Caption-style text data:
•••••
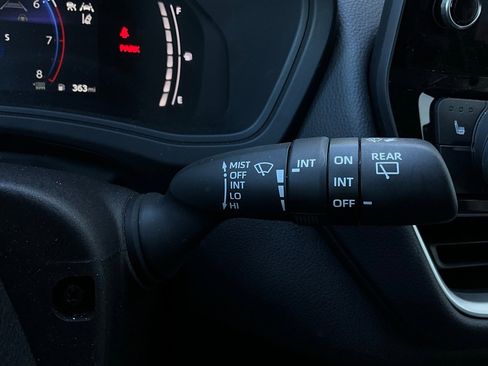 Used 2025 Toyota Grand Highlander FWD image 39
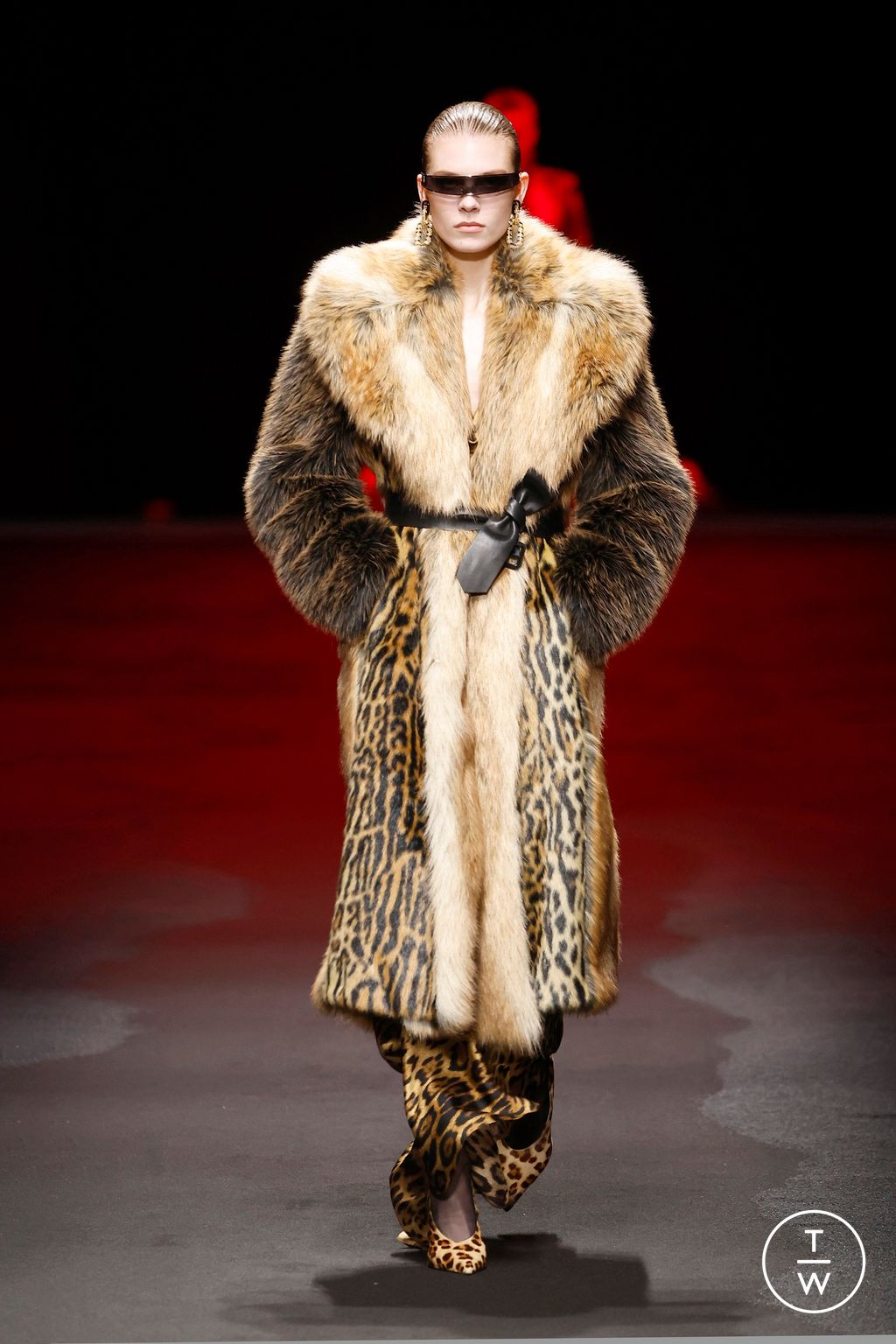 Fashion Week Milan Fall/Winter 2025 look 18 from the Roberto Cavalli collection womenswear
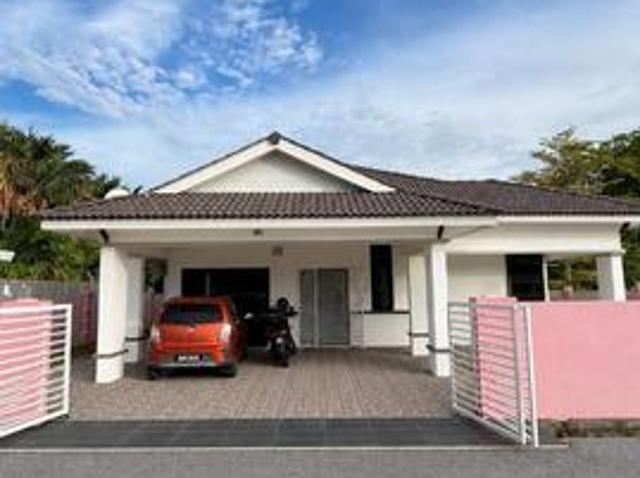 Bungalow for sale in Jitra, Kedah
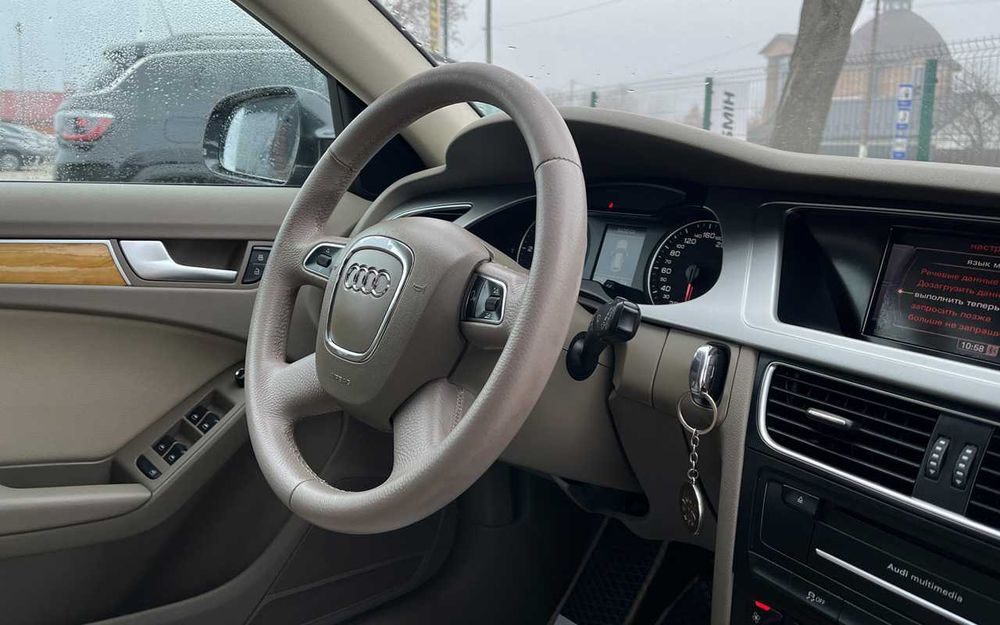Audi A4  2010 рік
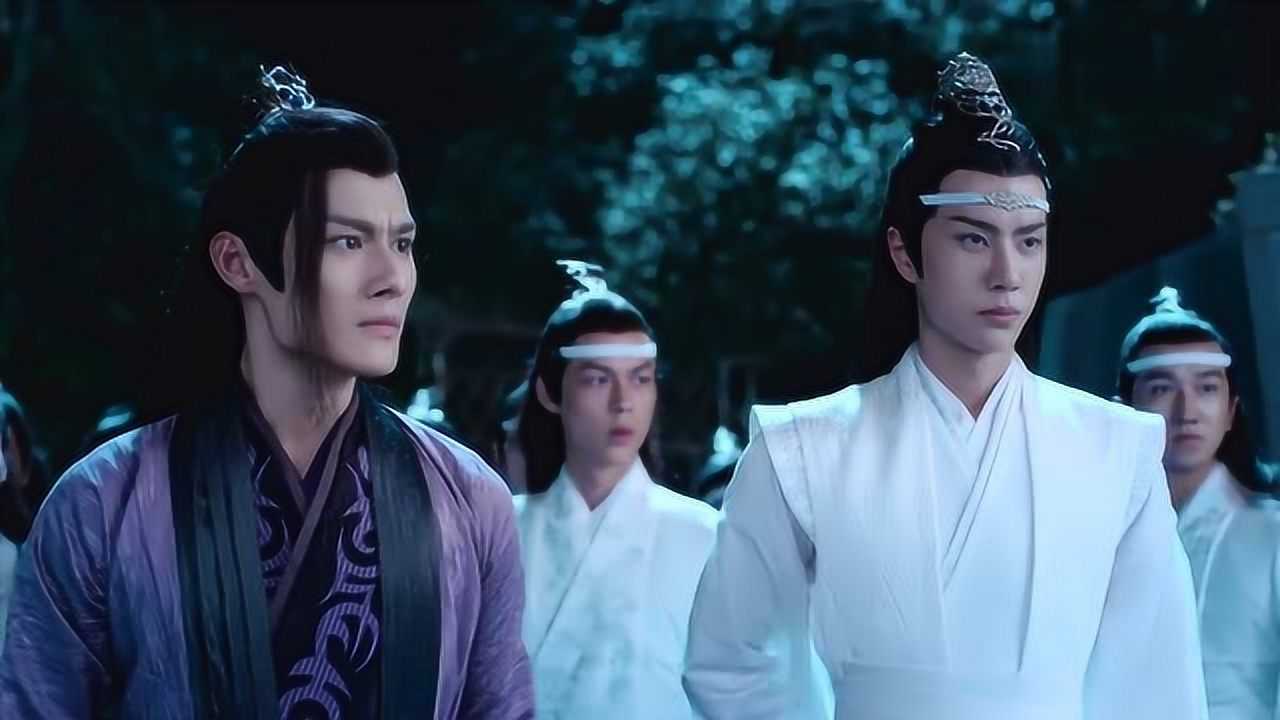 陈情令蓝湛二人在屋顶偷看发现温晁受伤严重真让人意外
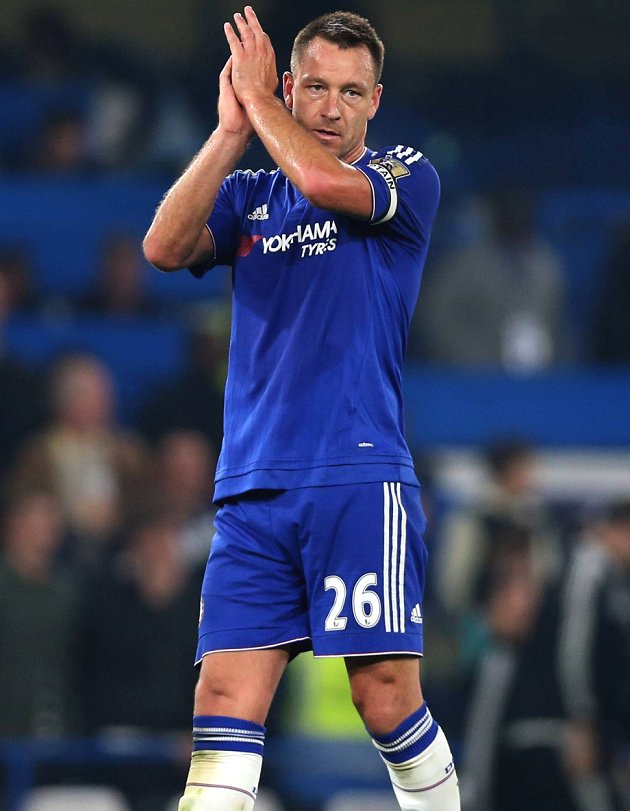 Terry forfeits £12m China deal to re-sign with Chelsea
•••••
> Exercise brief
Without the images, output all the entries exactly as they stand.

> Result
 Used 2025 Toyota Grand Highlander FWD image 39
 Fashion Week Milan Fall/Winter 2025 look 18 from the Roberto Cavalli collection womenswear
 Bungalow for sale in Jitra, Kedah
Audi A4  2010 рік
 陈情令蓝湛二人在屋顶偷看发现温晁受伤严重真让人意外
 Terry forfeits £12m China deal to re-sign with Chelsea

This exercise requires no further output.